2006年2月3日(金)「しんぶん赤旗」

外勤社員900人「強制退職」

撤回求め35人が提訴

東京海上日動火災


 損保最大手の東京海上日動火災(東京都千代田区・石原邦夫社長=NHK経営委員長)が、保険募集に携わる外勤社員を廃止し、九百人の社員を事実上の強制退職に追い込もうとしている問題で二日、外勤社員三十五人が「労働条件の不利益変更であり無効」とする訴えを東京地裁に起こしました。提訴したのは全日本損害保険労働組合日動火災外勤支部の佐藤修二委員長(58)ら。
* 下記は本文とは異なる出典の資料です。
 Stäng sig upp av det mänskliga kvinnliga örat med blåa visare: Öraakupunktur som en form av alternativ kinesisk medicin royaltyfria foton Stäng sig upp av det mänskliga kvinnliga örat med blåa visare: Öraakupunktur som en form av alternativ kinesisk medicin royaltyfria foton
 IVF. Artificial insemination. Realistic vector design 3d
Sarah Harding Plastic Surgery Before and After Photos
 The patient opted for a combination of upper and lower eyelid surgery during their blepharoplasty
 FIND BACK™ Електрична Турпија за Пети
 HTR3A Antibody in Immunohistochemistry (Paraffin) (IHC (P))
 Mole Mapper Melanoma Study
 同社は二〇〇四年十月、東京海上と日動火災が合併して誕生。総資産九兆円を抱え、国内市場の25%を握るトップ企業です。

 昨年、九億六千万円の保険料の不払いが判明し金融庁が業務改善命令を出したばかり。雇用の問題でもルール無視の姿勢が問われることになります。
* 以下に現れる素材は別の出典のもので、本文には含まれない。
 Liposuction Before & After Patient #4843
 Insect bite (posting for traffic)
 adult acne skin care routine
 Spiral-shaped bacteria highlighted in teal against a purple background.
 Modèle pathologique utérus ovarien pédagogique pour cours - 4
 訴状によると、同社は昨年十月、「飛躍的な生産性の改善は困難」として外勤社員制度の廃止を発表。退職して保険代理店となるか、既存の代理店への出向や職種変更で雇用を続けるか選択するよう求めてきました。

 代理店となればいつ契約が解除されるか分からないうえに、現在と同じ保険募集を維持しても年収は平均30%(一人あたり二百二十五万円)もダウン。雇用継続の場合も賃金体系が変わるため、年収50―60%も減少する社員が多数出ます。

 訴状は、会社側の提案は「合理性や必要性もない労働条件の不利益変更は無効だとする最高裁で確立した法理に照らして違法」とのべています。

 提訴後会見した佐藤さんは「生活設計もすべて狂ってしまう。もっともうけるために辞めてもらうという身勝手なやり方は許されない」と訴え。全損保の吉田有秀委員長は「事実上の強制退職、整理解雇だ。もうけのためなら何をやっててもいいという姿勢は、ライブドア事件と同じで許されない」とのべました。

 東京海上日動火災広報部 訴状を見ておらず詳細はコメントできないが、交渉の継続中なので残念だ。


 ▼外勤社員制度 社員が直接、保険を販売する募集形態。社員であるためモラルの高さや特色ある営業政策が展開できるとして、あいおい損保など各社が採用。